■ Problem ■
Please repeat the data below exactly, with the pictures removed.

■ Dataset content ■
───

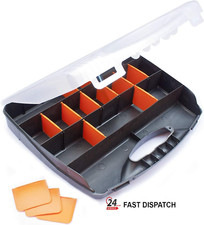 Kleines geteiltes Fach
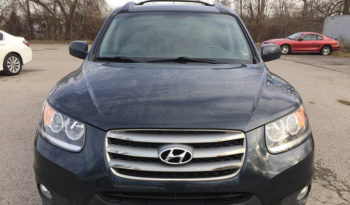 2012 Hyundai Santa Fe plein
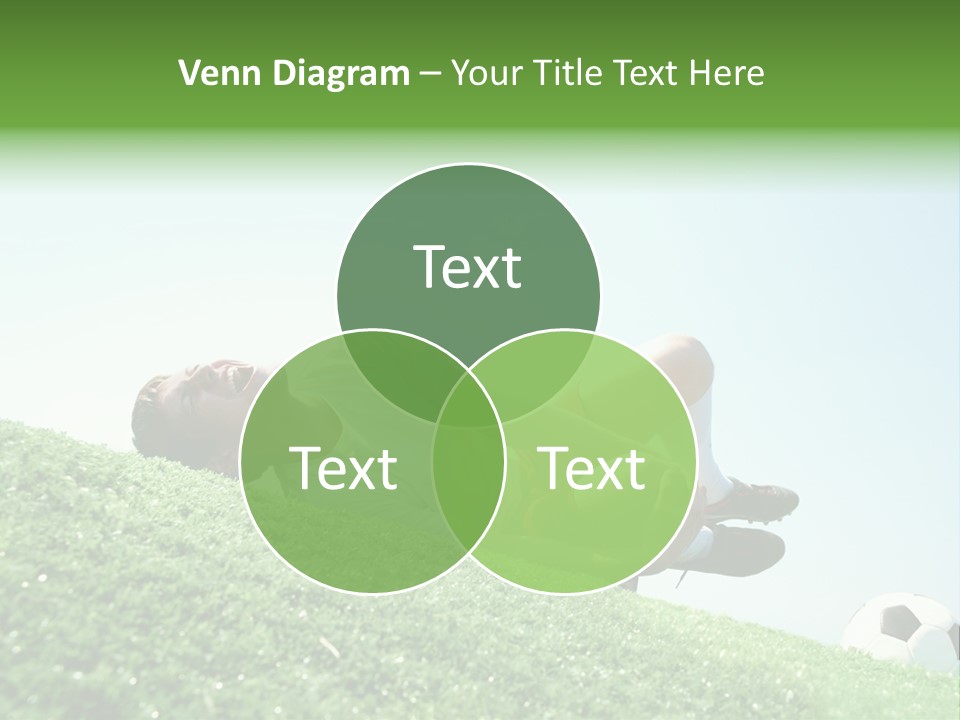 Masculine People Outside PowerPoint Template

───

■ Your solution ■
 Kleines geteiltes Fach
 2012 Hyundai Santa Fe plein
 Masculine People Outside PowerPoint Template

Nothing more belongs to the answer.